GPO Channel Selling, Gross-to-Net Economics, and Formulary Access Strategy

Viatris sales interviews probe whether candidates understand how pharmaceutical channel selling differs from general healthcare B2B sales in the gross-to-net complexity (a Viatris branded product with a $500 WAC may generate less than $200 in net revenue after Medicaid best price rebates, commercial PBM rebates, 340B ceiling price obligations, and distributor chargebacks – where the commercial team's job is to secure market access at formulary positions that generate sufficient net revenue to justify the product's manufacturing cost, patient support investment, and detailing expense, and where a PBM offering formulary placement in exchange for a higher rebate may or may not improve the product's profitability depending on the rebate obligation it creates across the entire payer mix), the institutional contracting versus prescriber detailing trade-off (generic pharmaceutical selling is primarily an institutional contracting exercise where GPO relationships, health system formulary committee presentations, and pharmacy buyer negotiations determine which generic products appear on formulary and get dispensed without prescriber input – while branded off-patent products like EpiPen require both institutional formulary access and prescriber engagement for allergy and emergency medicine physicians who influence treatment decisions in a competitive market with generic epinephrine alternatives), and the EpiPen market access complexity (EpiPen's pricing history created payer resistance to Viatris's branded EpiPen that commercial teams must address through patient assistance programs, Mygefbag program access, and formulary concessions that make EpiPen accessible to patients despite the gross-to-net obligations that the pricing history created).

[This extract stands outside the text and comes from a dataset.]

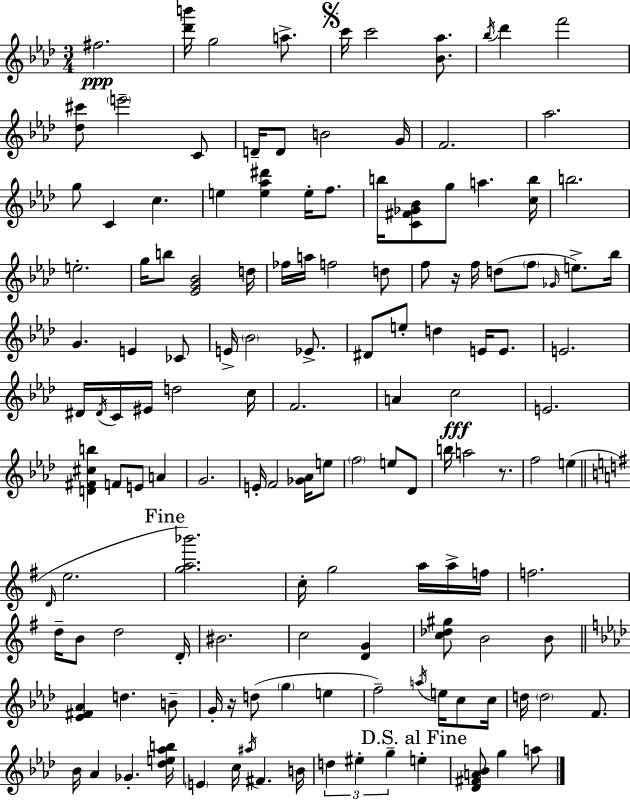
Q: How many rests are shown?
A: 3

The international market selling dimension adds a sales complexity that domestic branded pharmaceutical selling does not address: Viatris's former Upjohn portfolio includes branded off-patent products with significant market positions in emerging markets including Asia-Pacific, Latin America, and Middle East and Africa where branded generic selling requires building relationships with national health authority formulary bodies, local distributor networks, and hospital procurement offices under regulatory and commercial frameworks that differ from US market access strategies.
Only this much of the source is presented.